Are there any advanced configuration settings which could help me here or should I just implement a daily restart?

I don’t think there is any setting to help. Do you have ignores setup? Over what period does the slowdown happen?

I do not have any ignores.

I am not completely sure, but I think after 3-5 test runs which took 25 minutes each, I experienced a sudden slow down. I mostly canceled those slow tests, unshared the folder and deleted it on the remote devices.

The same thing happened to me yesterday and the day before with about 3-5 normal testruns each day.

Should I delete the database after each testrun?

I think you should do some normal performance troubleshooting. Figure out what your normal limiting factor is - is it CPU, disk I/O, network? What does this look like when it goes quickly, and when it goes slowly? Does the limiting factor change? Is it memory usage? If it’s I/O, is it file or database? If CPU, we can grab some profiles. Etc, etc.

There’s no setting that you can change to make things go magically faster when there is a slowdown, or we would make that setting the default. We need to figure out the source of the slowdown.

Sure. I will look into it. I do not believe it is CPU or RAM since the machines in the datacenter are quite powerful and basically idling during my testruns, but I will test a bit when the issue arises again.

I tested a bit when the issue arose again:

  1. All machines are slowing down about the same time. Therefore I thought it might be related to the config and database folders which are all placed on the same centralized filer, but I saw the opposite. When syncthing is slow there is almost no traffic on the filer.

  2. When one receiving machine is restarted, it receives the data in the usual speed. This suggests that it is no problem of the sending machine, but the receiving machines.

  3. So far I have only noticed the problem on linux machines

  4. Neither CPU, memory or network usage are high on any of the machines.

  5. A simple restart always fixes the problem without deleting the database, config or log files.

I still do not know why the slow down occurs. I will probably do a daily restart now to fix the outcome of the issue.

Restart of Syncthing or reboot?

restart of Syncthing

Odd.

I want to look further into this, because I am fearing that it also appears during my production syncs and not only during my test runs.

It is 100% reproducible that the download and upload rate increases by a factor of up to 1000 when I restart the clients during a slowed down test run. It also works to restart the clients immediately before the folder is shared.

Which debug logging options could I activate to get more information about the reason for the slowdown?

Do you have rate limits enabled in general?
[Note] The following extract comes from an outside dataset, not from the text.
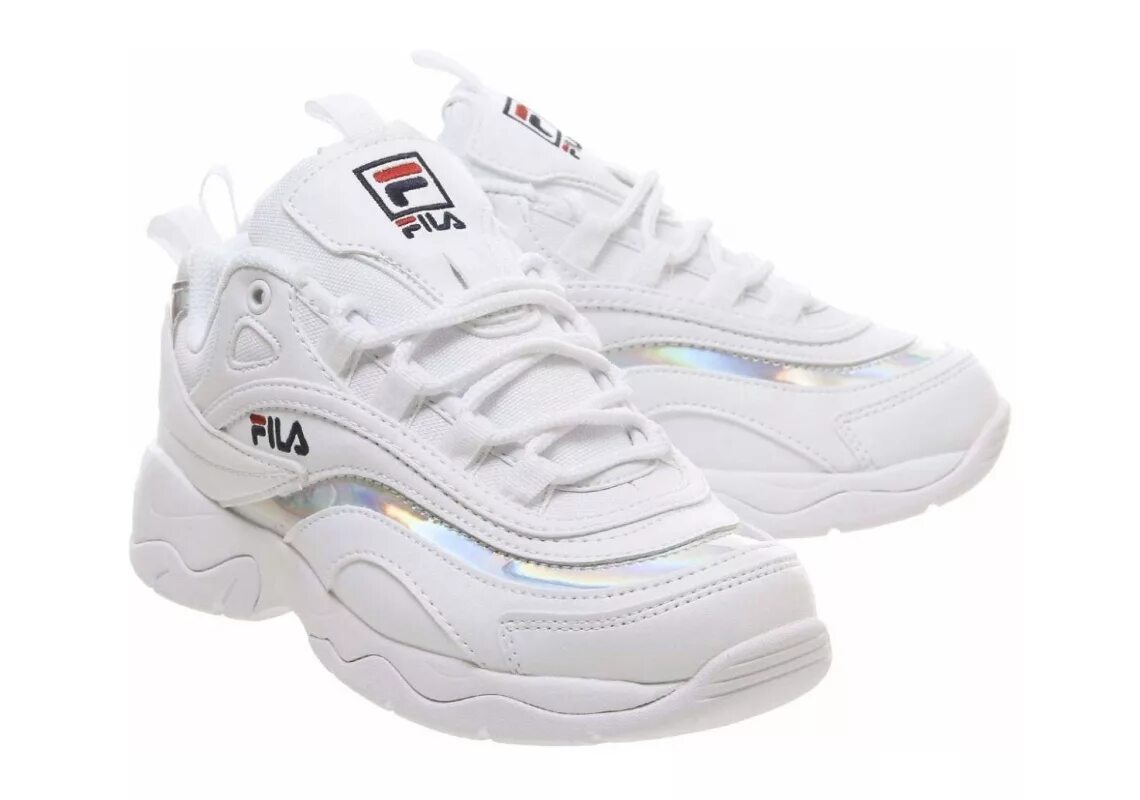 Фила дисрапторы. Fila disruptor 2 мужские. Фила рязань. Фила рязань. Fila кроссовки 'disruptor'.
I can hwlp you debug this by producing some custom builds.

No I don’t.

I am not sure if I can work with custom builds since SyncThing is deeply integrated into our scripts and I do not want to use custom builds on the production system.
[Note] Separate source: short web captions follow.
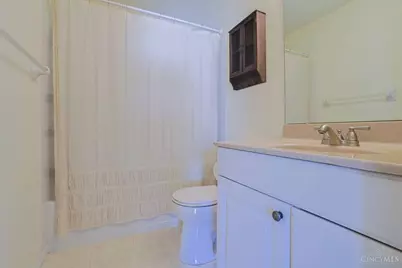 5426 Shady Meadows Drive, Fairfield Township, OH 45011 - Photo 27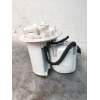 Recambio de bomba combustible para lexus ct 200h referencia OEM IAM 7702047092  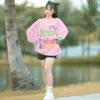 Trần Bình Nguyên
I also feel not very comfortable to share logs without cleaning them, because of sensible file names.

Right, so I don’t really see how we can help you, if we can’t get the logs nor we can run custom builds.

Maybe you could start by answering my question which debug logging options are relevant.

I did not mean that I cannot share any logs. I just need to make sure that they are sanitized by creating a test directory with different file names.

The relevant debugging in this case will need a custom build. I suspect this could be caused by the limiter, but there is no logging around that area that would help me prove my suspicion.

Ok, thanks. I did not understand that completely.

I will look if I can create a setup which runs the custom build separately from our production system

If we suspect the limiter might be at fault, run without limits for a while and see what happens?

Another thing that could be interesting… When you see the slowdown, don’t restart. Instead pause and resume the device, causing just a connection reset. See if this makes a difference. If it does, it narrows down the amount of internal state that could be at fault.